Metafta Bir Âyet: Makam-ı İbrahim
Makam-ı İbrahim, Hz. İbrahim’in (aleyhisselâm) Kâbe’yi inşa ederken, örülen duvarın boyunu aşması üzerine, üstüne çıkıp inşaatı devam ettirdiği taş olarak bilinir. Kâbe’nin inşası esnasında iskele olarak kullanıldığı için üzerinde zaman içinde Hz. İbrahim’in ayak izleri oluşmuştur. Bir görüşe göre de bu taş, Hz. İbrahim’in (aleyhisselâm) insanları hacca çağırmak için üzerine çıktığı taştır.
Aslında Hz. İbrahim’in, her iki durumda aynı taşın üzerine çıkmış olması da muhtemeldir. Hatta bu konudaki farklı rivayetler gösteriyor ki Hz. İbrahim, başka zamanlarda da bu taşı kullanmış, onu bir kenara kaldırmamıştır.

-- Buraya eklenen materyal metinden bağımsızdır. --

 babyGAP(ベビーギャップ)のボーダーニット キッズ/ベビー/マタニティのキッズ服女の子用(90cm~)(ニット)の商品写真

Bu taş, Hz. İbrahim’e bazen bir iskele bazen bir kürsü bazen bir minber olmuştur. Zira o her ne kadar görünürde bir taş olsa da hakikatiyle cennettendir. Peygamber Efendimiz (aleyhissalâtu vesselâm) bir hadislerinde bu hakikati şöyle ifade eder:
“Rükn (Haceru’l-Es’ad) ve Makam-ı İbrahim cennet yakutlarından iki yakuttur. Eğer Allah onların aydınlıklarını gidermemiş olsaydı doğu ile batı arasını sürekli aydınlatırlardı.”1
Bütün bu ve benzer rivayetler, o günden bugüne bölgede yaşayan halk tarafından buranın Hz. İbrahim’in makamı olarak tanındığını da göstermektedir. Bugün bu taş ve üzerindeki mübarek izler, bir camekân içinde muhafaza edilmektedir. Kâbe’nin kapısının olduğu tarafta Kâbe’ye 15.40 metre uzaklıktadır. Hafif sarı ve kırmızı karışımı beyaza yakın bir rengi olan taşın kalınlığı 20 santimetredir. Kenar uzunluklarından biri 38, diğerleri 36’şar santimdir. Hz. İbrahim’in ayak izlerinin bu taş üzerinde dünden bugüne devam ettiğini bir kasidesinde Ebu Talib şöyle dile getirir:
“İbrahim’in taş üzerindeki ayak izleri hala yeni,
Ayakları yalınayak giymemişti hiçbir şeyi.” 2
Hz. İbrahim’in bu taş üzerindeki ayak ve parmak izleri, önceleri daha net ve bellidir. Fakat insanların ona teberrüken dokunup ellerini sürmelerinden dolayıdır ki zamanla bu izler silinmeye yüz tutmuştur. Halbuki Hacer-i Esved’e dokunup öpmek tavsiye edildiği gibi bu makama dokunmak veya el sürüp-öpmek tavsiye edilmemiştir. Dolayısıyla bugün Hz. İbrahim’in ayak izlerini taşıyan bu taşın muhafazası için yapılmış camekana dokunmak veya onu öpmek doğru değildir. Bu kutlu makam da Hz. İbrahim’e karşı sevgi ve saygımızı, Efendimiz’le beraber ona da salat u selam getirerek ifade etmeliyiz.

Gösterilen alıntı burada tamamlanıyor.